From: Erik Naggum <>
Date: 1998/12/27
Newsgroups: comp.lang.lisp
Message-ID: <>

* David Steuber <>
| So, do you drive a Volvo, and what do you do when someone cuts you off?
| :-)  Off course, this question is predicated on you driving a car rather
| than using public transit which seems to be more advanced in Europe than
| in the US.  I would also be very surprised if the majority of Norwegians
| drove Volvos when it is so obvious that SAABs are better <eg>.

  no, I don't drive a car in Norway.  I don't think anybody should.  (pet
  peeve alert!)  they should instead go on strike (as I have done) against
  the oppressive taxes levied on car owners and users.  if you want a nice
  new car, 85% of the retail price is taxes paid to the government.  (which
  is OK, really, compared to the 92% taxes paid on 60% Koskenkorva (vodka),
  which retails at NOK 294 for 500 ml, or USD 39.50 for 17 fl oz.)  when I
  had already decided against wasting USD 2,500 - USD 3,000 on a driver's
  license when it could be spent on computers, discovering what a racket
  the Government was running on car owners and users, no way I would help
  finance them.  Norway, being a pretty solid oil-producing country, also
  has _really_ expensive gasoline, most of it due to heavy taxation.  we'll
  top NOK 8.00 per liter come next year because the blessed religious-block
  government raised taxes even more.  that's more than USD 4.75 a gallon.
  oh, and the sales tax is 23%.  yeah, Norwegians put up with it.  I guess
  we're a _really_ stupid, gullible people.

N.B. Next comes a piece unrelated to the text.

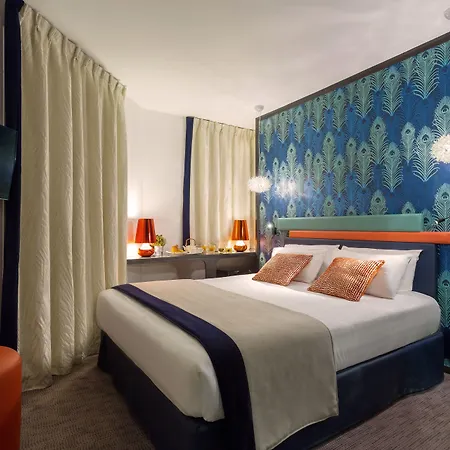 Yllen Eiffel Paříž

  so when public transport is quite reasonable and taxi charges are so low
  there's a noticeable shortage of drivers _and_ business-related use is
  tax deductible, which using your own car effectively isn't (because they
  assume you use it more privately), I'd have to spend more than USD 17,000
  a year on car-substitute activities (taxi, home delivery of various goods
  and food, etc) to even defend the acquisition, but it's easy to cut down
  on such variable costs if you want something else that's really expensive
  (which I do a lot), but if you _have_ a nice car, you're basically locked
  in to using it and being happy with it.  I know I couldn't trade all my
  other desires in for a stupid vehicle, so I decided against it.  (most
  people have car loans, of course, so they pay for it twice, even though
  they buy a used car, so we have Europe's oldest car fleet.)  whereas cars
  give people freedom in most reasonable places on earth, _not_ having a
  car gives you freedom in Norway.  yeah, it's sick.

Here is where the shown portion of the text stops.